How do we measure manliness? What is it that we do that tells the world, ‘yep, he’s a man now’? Different cultures would give different replies and different definitions. Some would say it comes with a certain age, others a certain responsibility. For 13-year-old Oskari, it’s about something very different indeed.
Oskari lives in a rural hunting community in Finland where tradition is king. And today, tradition dictates that in order to be declared a man, he must venture out into the forest and kill a wild animal. When he returns back to the ominously named Place of Skulls with his quarry, then he will be a man. What a way to celebrate your 13th birthday!
From the very start of this novel you get the feeling that this manhood business could be a bit of an uphill struggle for Oskari. He seems like a nice kid (which in itself could be viewed as a bit of a barrier to becoming a man) but the more we read, the more we discover that the odds here are thoroughly stacked against him.
Firstly, Oskari’s dad is pretty much the village hero, having killed a bear when it was his turn to enter manhood. I mean, a bear! How do you follow that? As a man who jumped firmly skyward when a tiny mouse ran over his foot a couple of weeks ago, I think I’d be taking a net and looking for the odd stickleback or butterfly and just accepting that the village didn’t really see me as much of a man! But Oskari – who early on declares himself the best hunter in the village – is determined to live up to his dad’s legacy.
However, when we join him on an ultimately fruitless solo hunt at the start of the novel, it becomes clear that he’s going to struggle. With a deer in his sights and conditions almost perfect, his shooting is so weak that the arrow simply bounces off its prey. Later, he is sniggered at by the other boys at the start of the hunt and then, when he receives the ceremonial bow, he finds that it’s so big that he can’t even fire it properly. Maybe this manhood thing is going to take a little while longer.
Tradition is tradition though and Oskari and his father are determined that he’ll have his day. So, after a faltering start and with little confidence left, he heads out for a night in the forest.

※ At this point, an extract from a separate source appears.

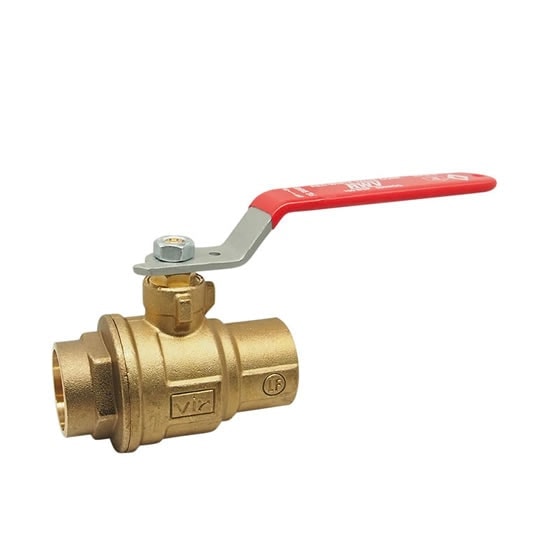 Red-White 5049AB DZR Lead Free Brass Full Port Ball Valve – Sweat/Solder – 1/2"–3"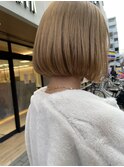 【MISA】ハイトーンのやや前下がりボブ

‘Big Game’ tells the tale of Oskari’s night in the forest and his quest to be viewed as a man by his peers and the elders of the village. Starting off at the tradtional meeting place, The Place of Skulls, Oskari ventures off into the trees determined to prove himself. However, he could never have predicted what lies ahead.
Oskaris’ coming of age is dramatic to say the least. And while it’s certainly far-fetched, the story makes for an exciting read as he stumbles over a manhunt and then battles to bring something home that will not only prove that he’s a man, but arguably save the Western world in a quite remarkable twist.
However remarkable and maybe even a bit silly the action is, Dan Smith has written an excellent book. After all, if we can’t drift away into something or somewhere beyond imagination with books and films, then what’s the point? So it would be churlish to quibble about the details here. Better to simply suspend your disbelief, pick up the book and read on.
The action here is fast and fairly extreme as Oskari is charged with not only proving that he’s a man, but saving his rather unusual hunting trophy from the grasp of a group of highly trained, professional killers. But Oskari has the local advantage. This is his territory, his hunting ground, he has decades worth of historical knowledge; better still though, this is his day! Nothing is going to be allowed to get in the way of Oskari becoming a man!
‘Big Game’ is a book that is full of action and packed with twists. Whether you’re of the age that it’s aimed for – tweens and teens – or a fully fledged, should-know-better-than-to-read-this-kind-of-thing adult (which in some people’s opinions I will be) this is a real page turner and in fact, more than anything, it’s just good fun.
I would absolutely recommend ‘Big Game’ to you. Yes, it’s pretty improbable. Yes, some of the characters are almost cartoonish and yes, there’s very little chance of anything like this ever actually happening. But it’s undoubtedly well written, well researched and in Oskari, has the kind of character that you can’t fail to root for!